El periodista reconoce los peligros de la invasión a la privacidad, la promiscuidad en las redes, el potencial aprovechamiento de grupos extremistas para captar adeptos en la telaraña virtual; pero, en un tributo inesperadamente sentimental viniendo de un techie, alaba esa capacidad infinita que tienen las redes sociales para mantener vivo el contacto con los amigos y las personas que más apreciamos.
Bilton expone dos ejemplos que dan mucho que pensar: se refiere al fallecido David Carr, magnífico periodista del NYT que falleció recientemente, y a su propia madre, también fallecida. Carr era un ágil tuitero y su cuenta en la plataforma del pajarillo que nunca duerme permanece imperecedera en las nubes. La nostalgia y el recuerdo de su amigo y colega lo llevan a leer de cuando en cuando los tuits de 140 caracteres en los que Carr comentaba sobre lo terrenal y lo divino. Allí han quedado las bromas que ambos intercambiaron a lo largo de los años.

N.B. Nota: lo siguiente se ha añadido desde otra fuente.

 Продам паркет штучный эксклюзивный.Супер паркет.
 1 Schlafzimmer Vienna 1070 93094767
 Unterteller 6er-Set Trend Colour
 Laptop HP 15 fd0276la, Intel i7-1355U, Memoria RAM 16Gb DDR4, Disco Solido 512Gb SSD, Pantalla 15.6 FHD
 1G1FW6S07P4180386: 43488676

Lo mismo le sucede con su madre, quien le enviaba correos electrónicos (los emails han sustituido a las cartas en folios que llegaban en el correo), así como mensajes y fotos por medio de Facebook: ese muro en el que la aldea global se busca, se encuentra y, también, se desencuentra. Las redes sociales, con sus huellas imborrables, tienen la capacidad de conferirles vida a quienes ya no están con nosotros y echamos tanto de menos.

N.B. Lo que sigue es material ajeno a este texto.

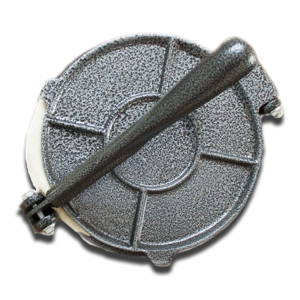 Tortilla Press Maker 18cm Tortilla Press Maker 18cm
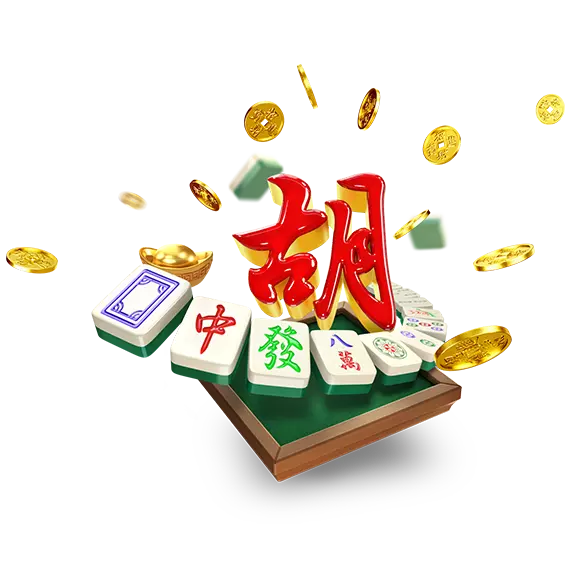 麻将数字文化与牌面视觉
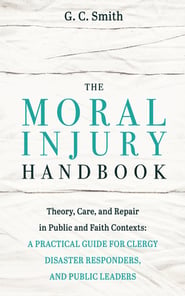 The Moral Injury Handbook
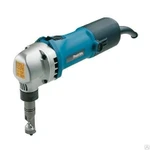 фото Высечные электроножницы Makita JN 1601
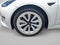 2021 Tesla Model 3 Standard Range Plus RWD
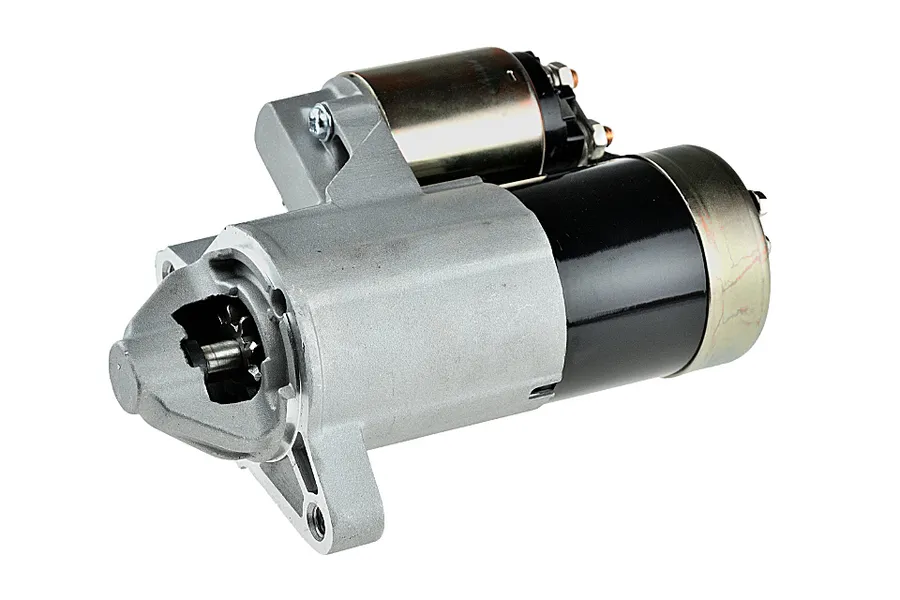 Prekė atitinka OEM kodą: M1T86884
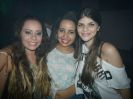 Carna Balada no CRI-98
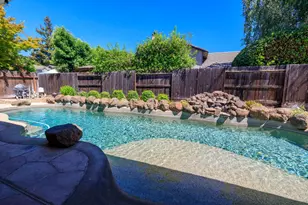 5409 Danielle Ct, Salida, CA 95368 - Photo 48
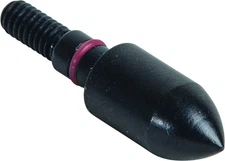 Allen 1478 Stay Tight Bullet Point 5/16", 100gr, 6pk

Para los escépticos, los que desprecian las redes sociales o los que tienen una visión paranoica, Bilton le añade una dimensión emotiva y acogedora a esta herramienta indudablemente útil. Y para quienes con frecuencia (a veces gran parte de día) recurrimos a Internet y sus vasos comunicantes, comprendemos bien lo que quiere decir. Además de los ríos de información que absorbemos, las actualizaciones que nos llegan de acontecimientos mundiales o los mensajes directos y cifrados en Twitter en busca de un scoop, también recibimos sobre la pantalla plana esos otros mensajes de los amigos, de la familia, de los afectos extraviados. Pueden ser oraciones cortas, instantáneas tomadas en paraísos remotos, emociones que ilustran estados de ánimo: caras que sonríen o lloran; corazones palpitantes; alegres bailarinas de flamenco; un ramillete de flores virtual que llega antes y mucho más barato que Interflora.

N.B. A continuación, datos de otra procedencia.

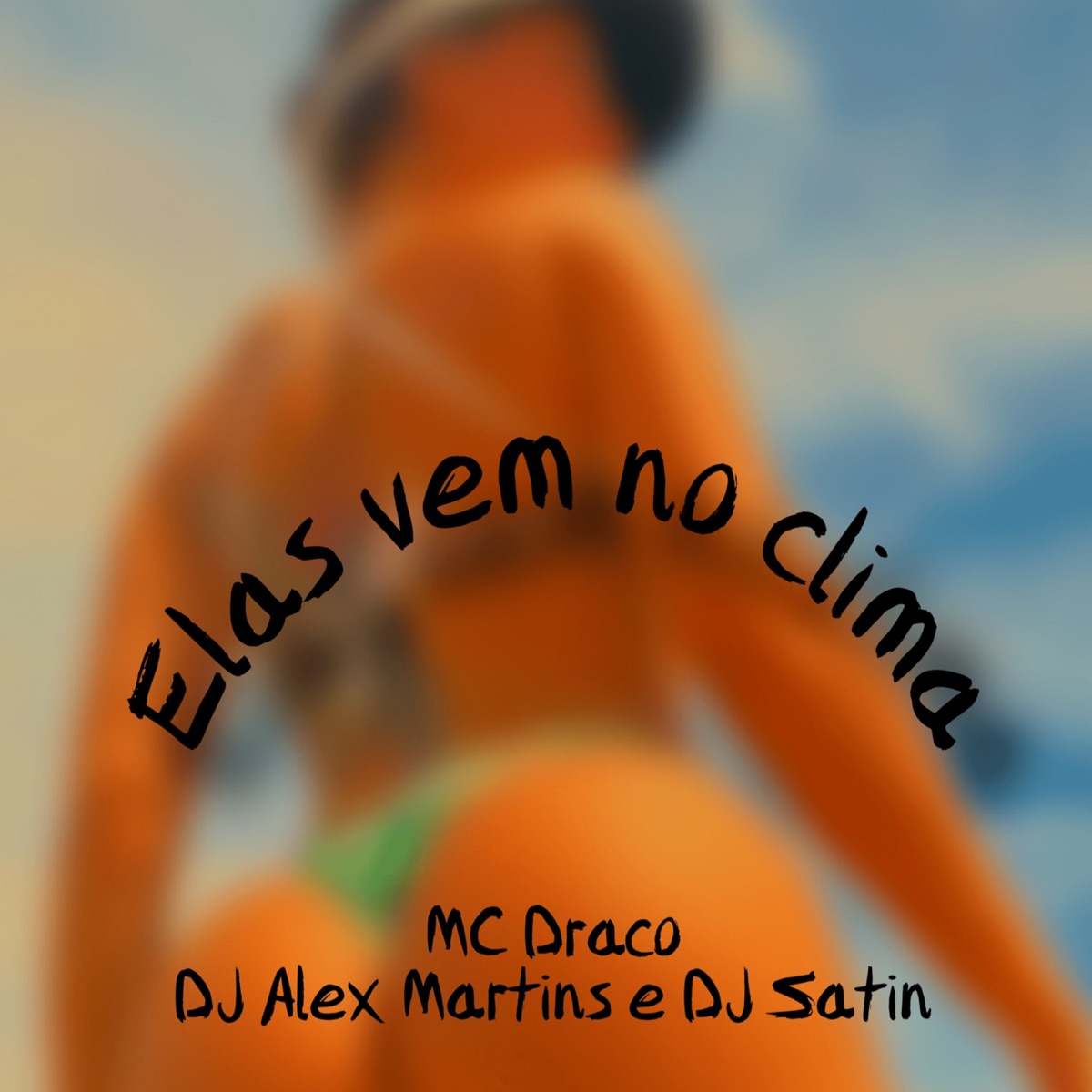 Play Baforando o Bico Verde by DJ Alex Martins & Mc Deivinho Da Ds on   Music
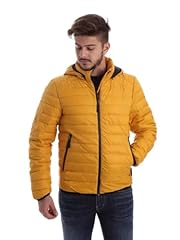 Byblos blu 669501 usato  Spedito ovunque in Italia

Se puede ser un cínico a la hora de analizar las redes sociales. Un purista esnob que las repudia. O un alarmista que ve en ellas el fin de la civilización. En realidad todas estas manifestaciones de resquemor son pataletas tan inútiles como reivindicar los preciosistas libros iluminados frente a la irrupción de la imprenta. El universo de Internet que se expande con sus luces y sus sombras, tiene un espacio reservado para la añoranza, el diálogo más íntimo, la memoria recuperada.
Despertar en el medio de la noche con el tintineo de un Whatsapp anhelado. Un mensaje que llega desde un lugar muy lejano pero tan cerca. Agradecer la cálida inmediatez. Volver a cerrar los ojos con la seguridad de que los sentimientos nunca duermen.